Returns the updated node, and the value previously associated with the key."""
if node is None:
return None, None
elif node.key > key:
node.left, old_value = BSTMap.remove_helper(node.left, key)
return node, old_value
elif node.key < key:
node.right, old_value = BSTMap.remove_helper(node.right, key)
return node, old_value
else: # node.key == key
if node.left is None:
return node.right, node.value
elif node.right is None:
return node.left, node.value
else:
predecessor = BSTMap.largestNode(node.left)
old_value = node.value
node.key = predecessor.key
node.value = predecessor.value
node.left, _ = BSTMap.remove_helper(node.left, predecessor.key)
return node, old_value
7.2.4. BST Analysis¶
The cost for getHelper
and putHelper
is the depth of
the node found or inserted.
The cost for removeHelper
is the depth of the node being
removed, or in the case when this node has two children,
the depth of the node with smallest value in its right subtree.
Thus, in the worst case, the cost for any one of these operations is
the depth of the deepest node in the tree.
This is why it is desirable to keep BSTs
balanced, that is, with least possible
height.
If a binary tree is balanced, then the height for a tree of \(n\)
nodes is approximately \(\log n\).
However, if the tree is completely unbalanced, for example in the
shape of a linked list, then the height for a tree with \(n\)
nodes can be as great as \(n\).
Thus, a balanced BST will in the average case have operations costing
\(\Theta(\log n)\), while a badly unbalanced BST can have
operations in the worst case costing \(\Theta(n)\).
Consider the situation where we construct a BST of \(n\) nodes
by inserting records one at a time.
If we are fortunate to have them arrive in an order that results in a
balanced tree (a “random” order is likely to be good
enough for this purpose), then each insertion will cost on average
\(\Theta(\log n)\), for a total cost of
\(\Theta(n \log n)\).
However, if the records are inserted in order of increasing value,
then the resulting tree will be a chain of height \(n\).
The cost of insertion in this case will be
\(\sum_{i=1}^{n} i = \Theta(n^2)\).
Traversing a BST costs \(\Theta(n)\) regardless of the shape of the tree.

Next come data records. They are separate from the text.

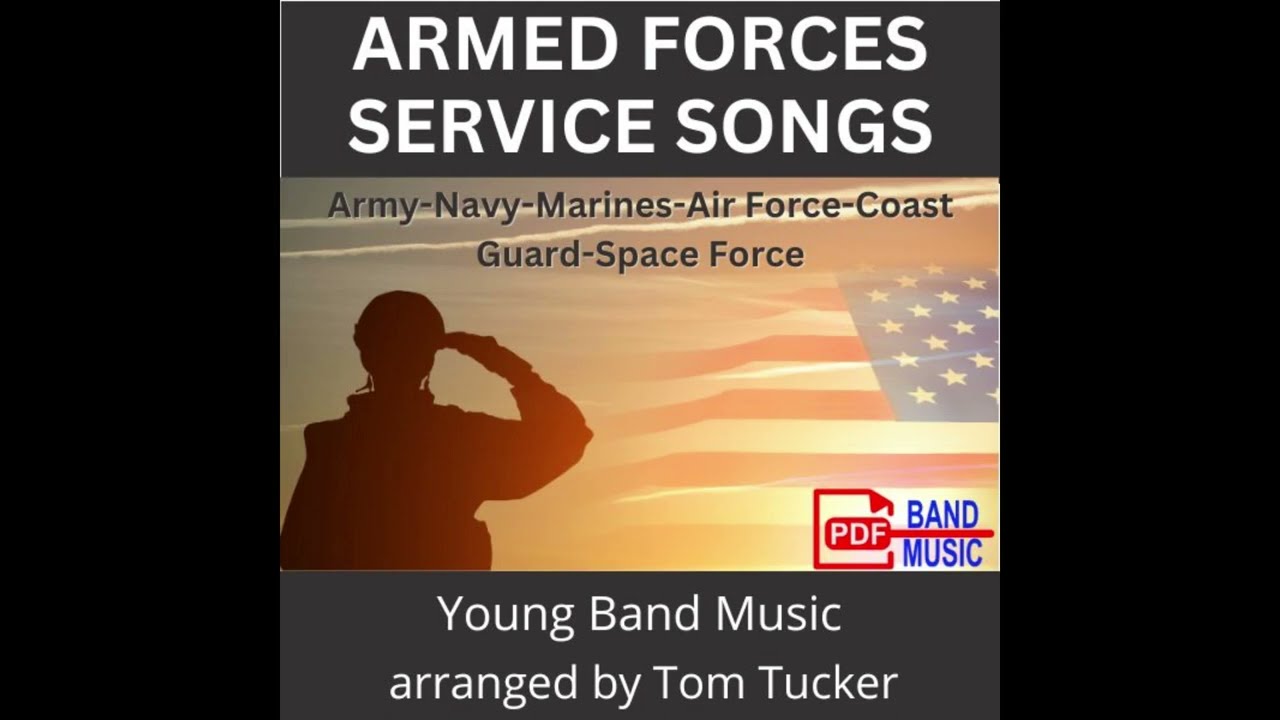 Armed Forces Service Songs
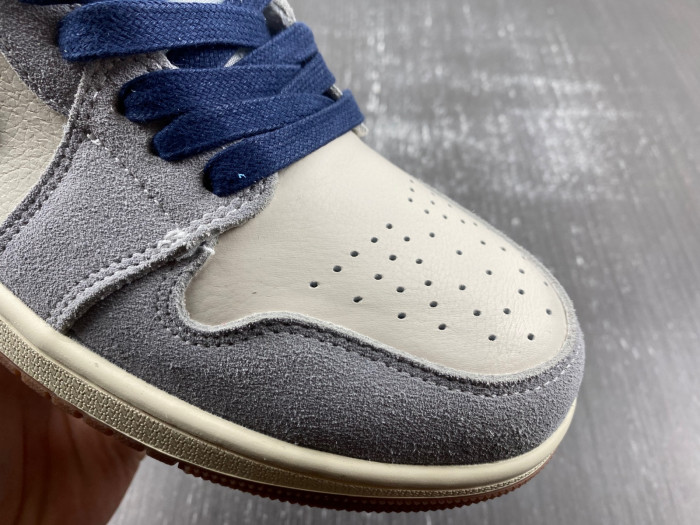 NIKE AIR JORDAN 1 LOW “DENIM” FZ5042-041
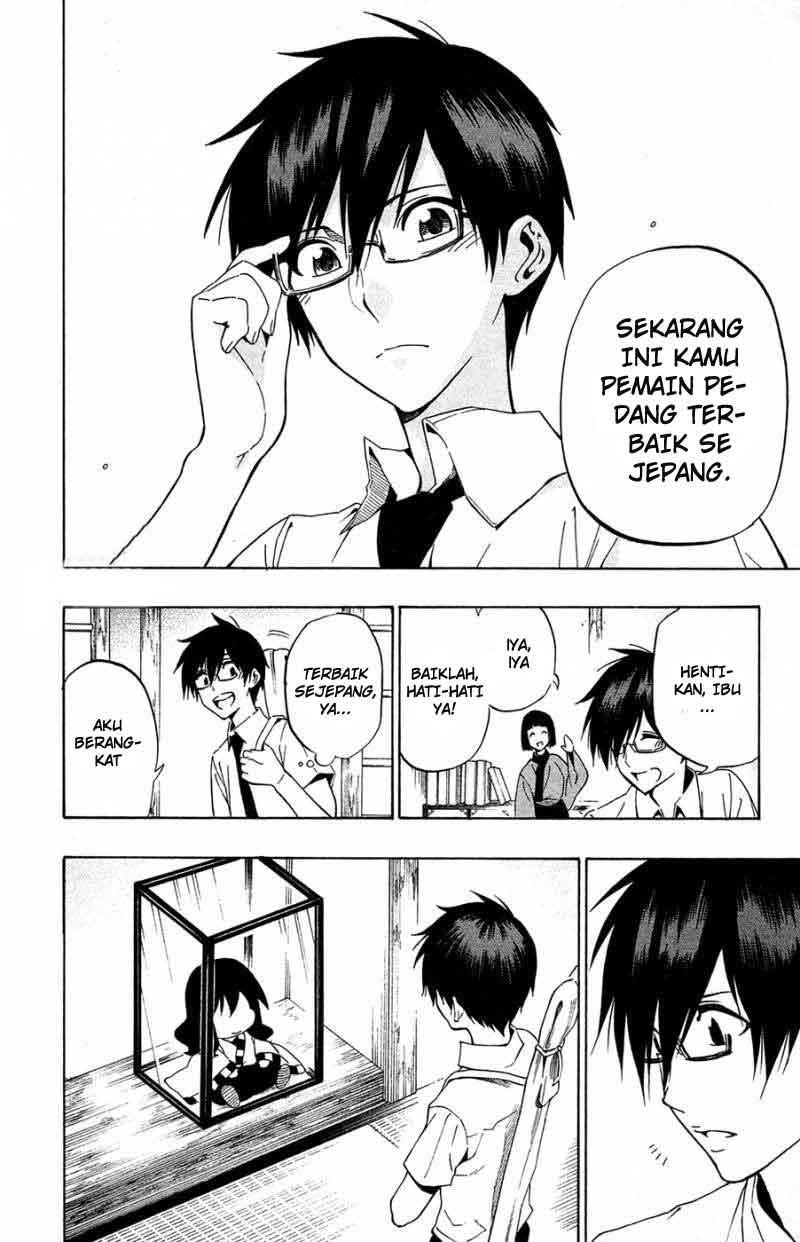 Kurogane Bab 70 halaman 3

Each node is visited exactly once, and each child pointer is followed exactly once.
Below is an example traversal, named printHelper
.
It performs an inorder traversal on the BST to print the node keys, in
sorted order.
// An example inorder traversal.
// Prints all node keys, in sorted order.
void printHelper(Node node) {
if (node == null) return;
printHelper(node.left);
System.out.println(node.key);
printHelper(node.right);
}
@staticmethod
def print_helper(node):
"""An example inorder traversal.
Prints all node keys, in sorted order."""
if node is None: return
BSTMap.print_helper(node.left)
print(node.key)
BSTMap.print_helper(node.right)
While the BST is simple to implement and efficient when the tree is balanced, the possibility of its being unbalanced is a serious liability. There are techniques for organizing a BST to guarantee good performance. Two examples are the AVL tree and the splay tree. There also exist other types of search trees that are guaranteed to remain balanced, such as the 2-3 Tree.